## Exercise instructions:
Beneath this line is the data. Output exactly the lines from the line with "Load image into" to the line with "FarmHome Beige/Natural Linen", both ends included, and nothing more.

## Supplied material:
______
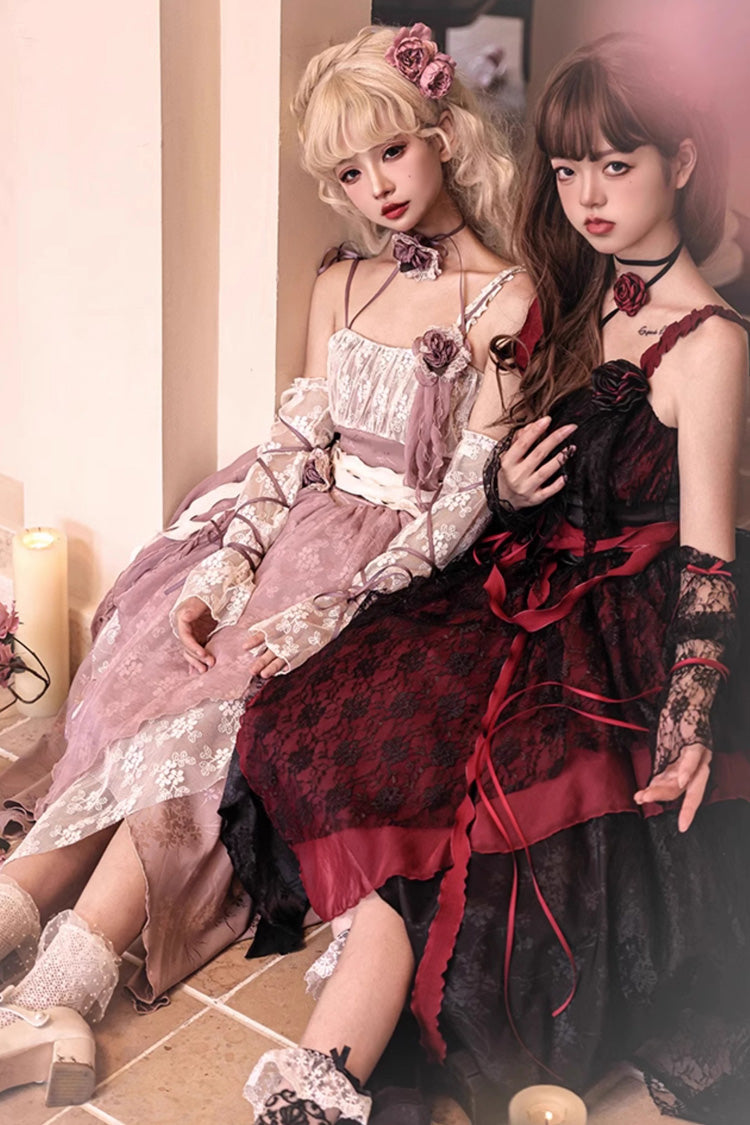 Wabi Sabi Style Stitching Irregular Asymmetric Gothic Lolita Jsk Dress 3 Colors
______
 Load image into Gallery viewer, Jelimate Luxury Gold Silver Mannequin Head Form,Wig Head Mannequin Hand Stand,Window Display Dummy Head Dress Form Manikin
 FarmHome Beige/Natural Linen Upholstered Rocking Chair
______
## Written response:
 Load image into Gallery viewer, Jelimate Luxury Gold Silver Mannequin Head Form,Wig Head Mannequin Hand Stand,Window Display Dummy Head Dress Form Manikin
 FarmHome Beige/Natural Linen Upholstered Rocking Chair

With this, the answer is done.